Mosiah Hancock
In
his journal, Mosiah Hancock states that the scolding he received from his
mother for separating himself from the wagon train to hunt with friends was not
nearly as bad as what?
A)
Performing his sister’s household chores
around the camp.
B)
Babysit his younger siblings.
C)
Getting his mouth washed out with soap for
the language he used to his mother.
D)
The howling and the massing of the wolves.
Yesterday’s answer:
B)
Rescue the handcart company
Ephraim
Hanks was one of the premier frontiersman of his day. He wore a long beard
which was brown and wavy and reached almost to his waist. He reportedly crossed
the plains probably more times than any other white man; performing the journey
upwards of sixty times. Eph in the fall of 1856 spent considerable time hauling
fish from Utah Lake to Salt Lake City. In the fall of 1856 he had occasion to
stop overnight with Gurnsey Brown in Willow Creek (later Draper, Utah). Being
tired after his day’s journey he retired to rest early and while laying in his
bed describes a voice calling him by name and saying “The handcart people are
in trouble and you are wanted; will you go and help them?” He stated, “I turned
instinctively in the direction from whence the voice came and beheld an
ordinary sized man in the room. Without hesitation I answered, ‘yes, I will go
if I am called. . .’” When I got up the next morning I says to Brother Brown,
“The handcart people are in trouble, and I have promised to go out and help
them.” He traveled to Salt Lake City and the next day headed east over the
mountains with a light wagon, all alone. At South Pass he encountered a storm
that lasted three days which he described as the worst he had seen in all his
travels in the Rocky Mountains. Snow fell so deep that for many days it was impossible
to move wagons through it. Feeling anxious of the condition of the immigrants,
he determined to start out on horseback to meet them. He secured a pack saddle
and two animals and began to make his way slowly through the snow alone. He
describes miraculously encountering several buffalo which he killed and dressed
and loaded his horses with the meat. He resumed his journey toward evening and
reached “the ill-fated train just as the immigrants were camping for the night”

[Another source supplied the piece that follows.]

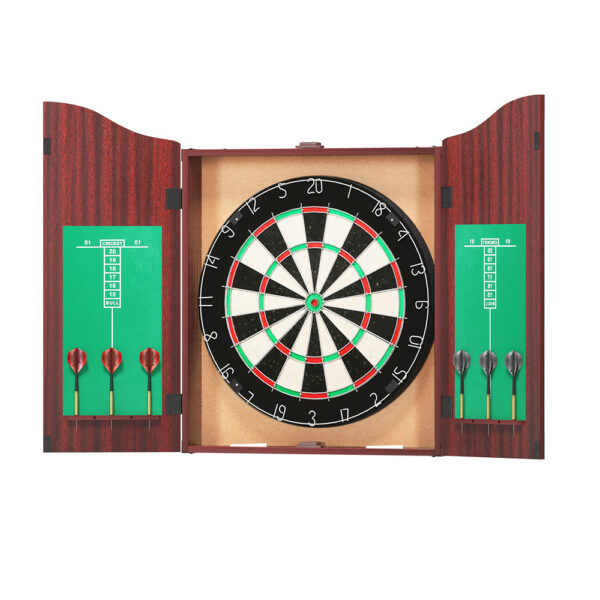 Dartboard Cabinet Set Sisal Fiber Steel Tip Darts Rotating Score Ring Game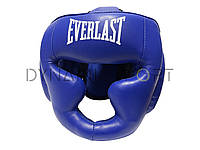 Закритий боксерський шолом Everlast із еко-шкіри синій з повним захистом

He stated, “The sight that met my gaze as I entered their camp can never be
erased from my memory.” The starved forms and haggard countenances of the poor
sufferers, as they moved about slowly, shivering with cold to prepare their
scanty evening meal was enough to touch the stoutest heart. When they saw me
coming, they hailed me with joy inexpressible, and when they further beheld the
supply of fresh meat I brought into camp, their gratitude knew no bounds. . .
Five minutes later both my horses had been released of their extra burden, the
meat was all gone, and the next few hours found the people in camp busily
engaged in cooking and eating it, with thankful hearts. When the relief teams
met the immigrants, there was only one day’s quarter ration left in camp.
Stewart
E. Glazier and Robert S. Clark, Journal
of the Trail (Salt Lake City: [s.n.], 1997), 120.